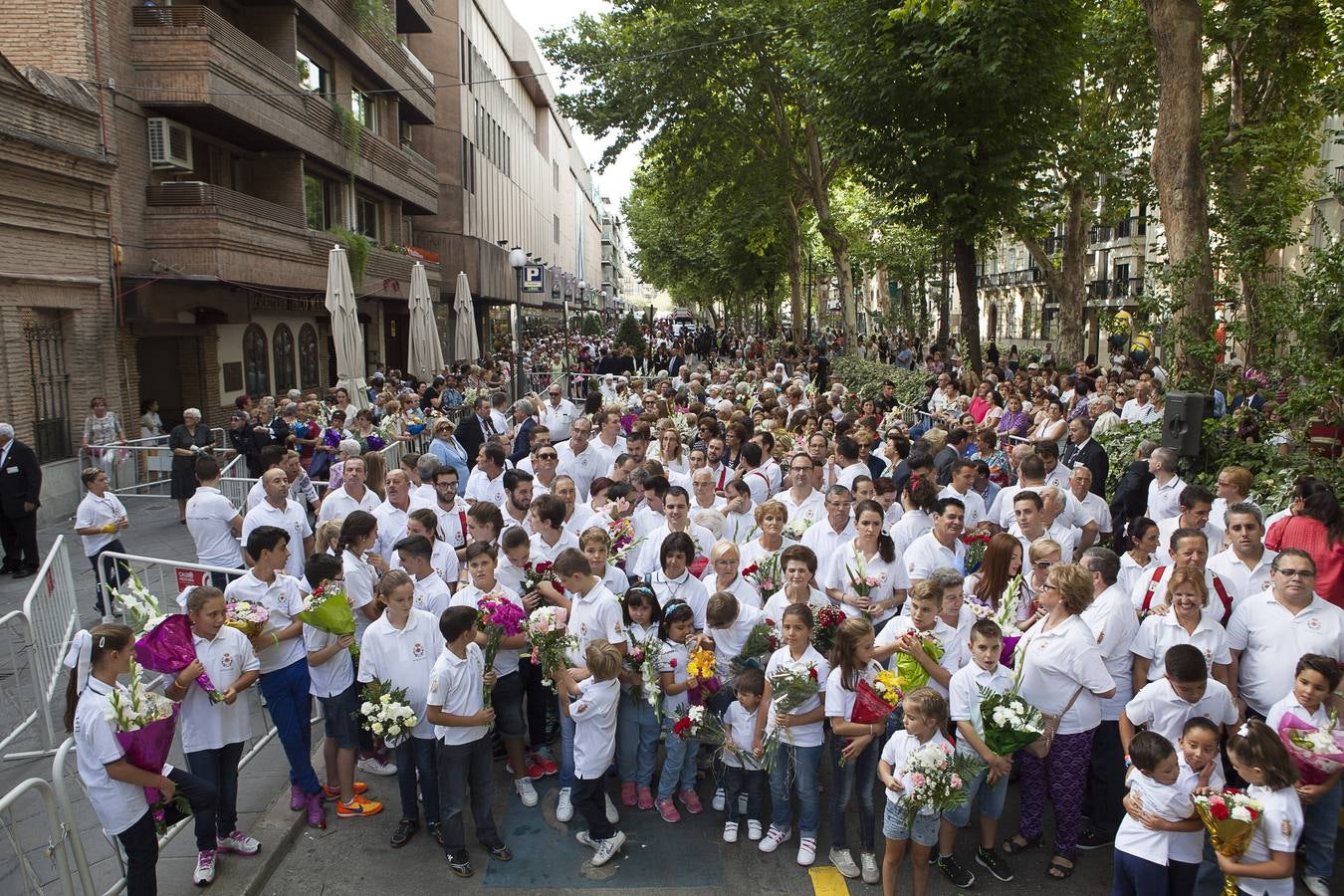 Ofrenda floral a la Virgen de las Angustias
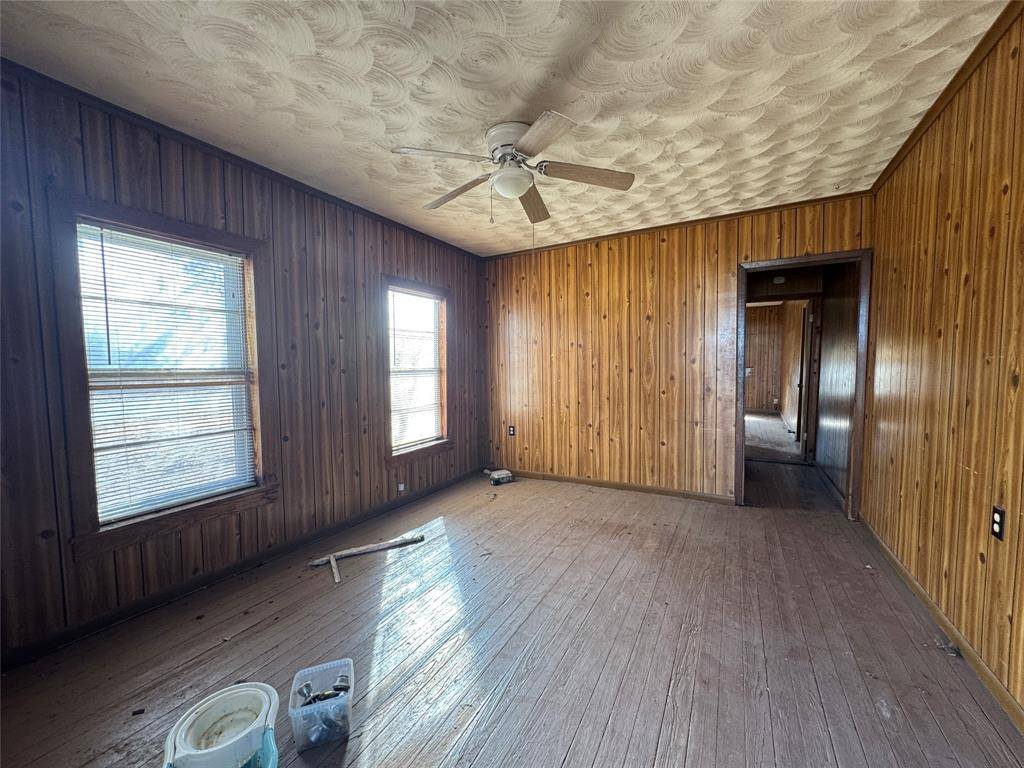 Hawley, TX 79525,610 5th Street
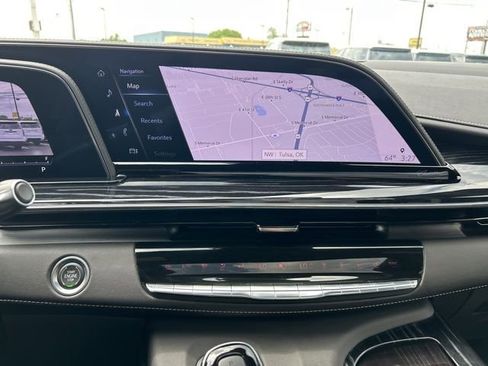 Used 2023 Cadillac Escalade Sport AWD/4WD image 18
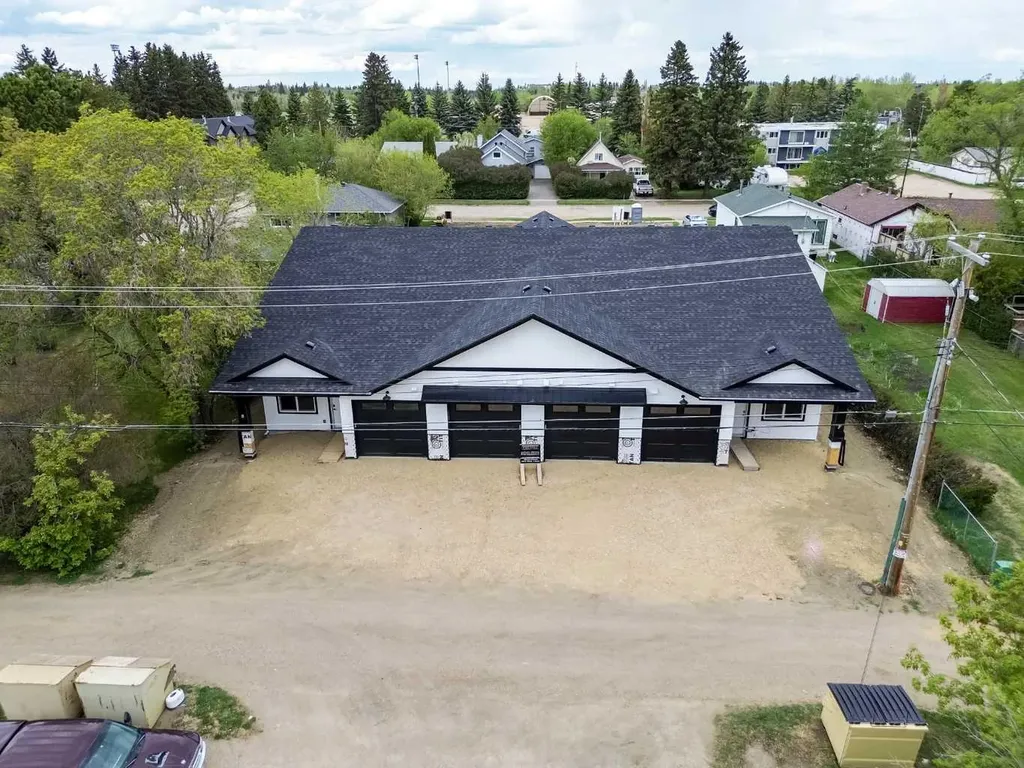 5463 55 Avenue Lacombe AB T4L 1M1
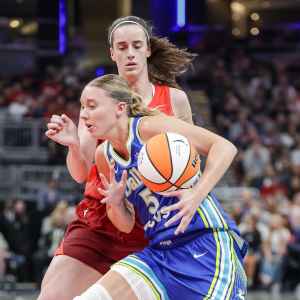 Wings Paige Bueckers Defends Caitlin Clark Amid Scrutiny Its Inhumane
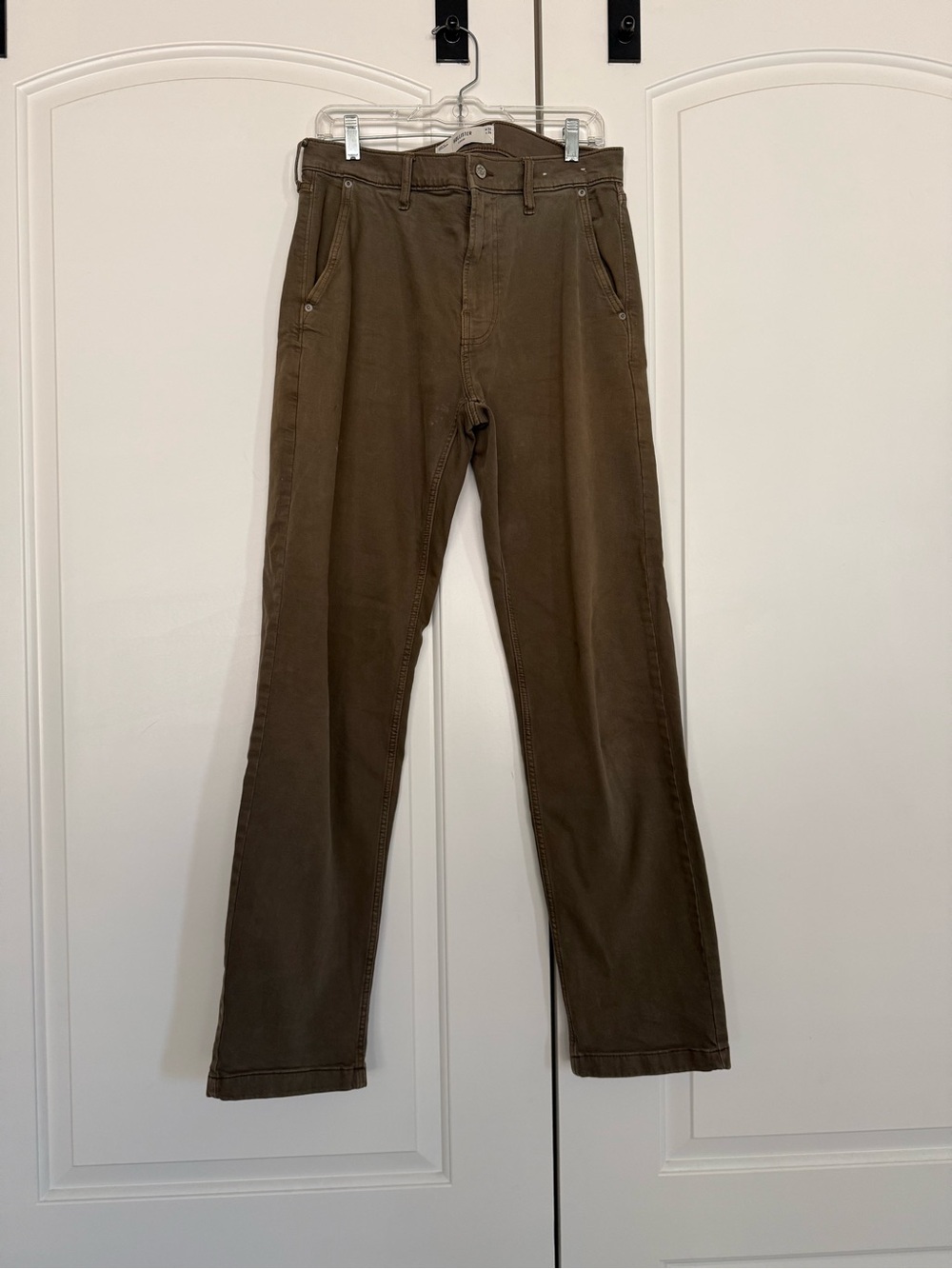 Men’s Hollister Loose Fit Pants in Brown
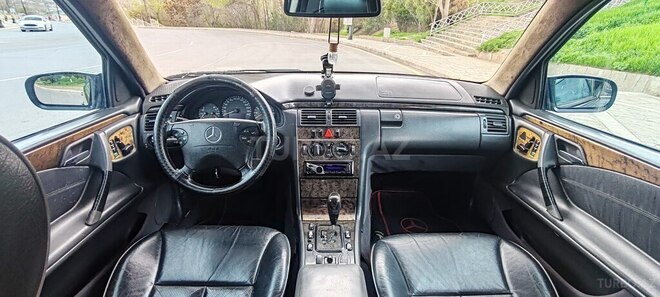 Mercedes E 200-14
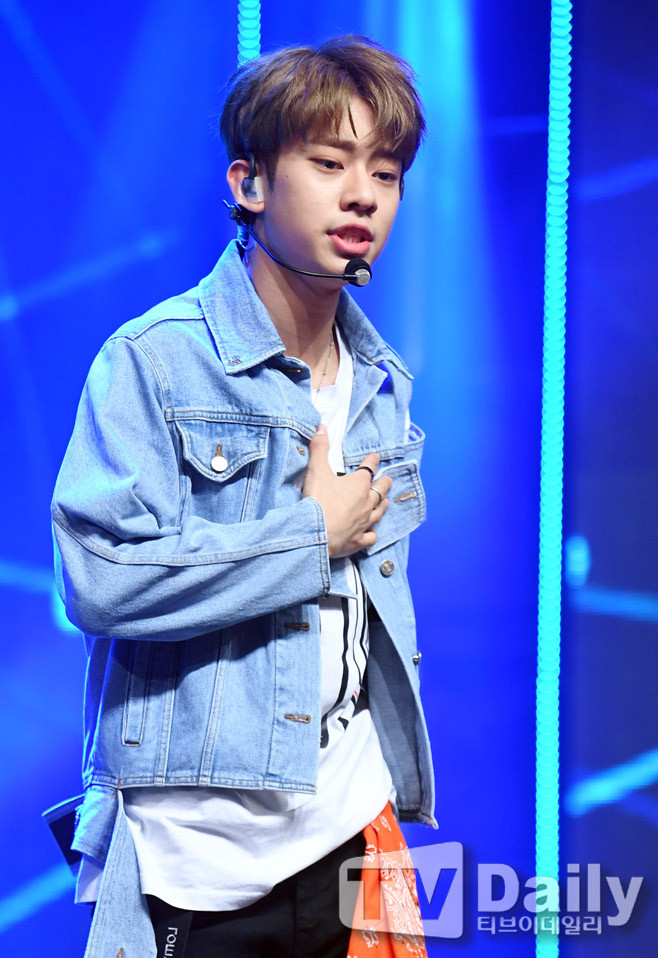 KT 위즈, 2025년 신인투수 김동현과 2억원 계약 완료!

···

* **What you have to do**
Nothing but the lines from the line with "Wings Paige Bueckers" through the last line of the listing should be copied, exactly and with both ends kept. Leave pictures out.

* **Task result**
 Wings Paige Bueckers Defends Caitlin Clark Amid Scrutiny Its Inhumane
 Men’s Hollister Loose Fit Pants in Brown
 Mercedes E 200-14
 KT 위즈, 2025년 신인투수 김동현과 2억원 계약 완료!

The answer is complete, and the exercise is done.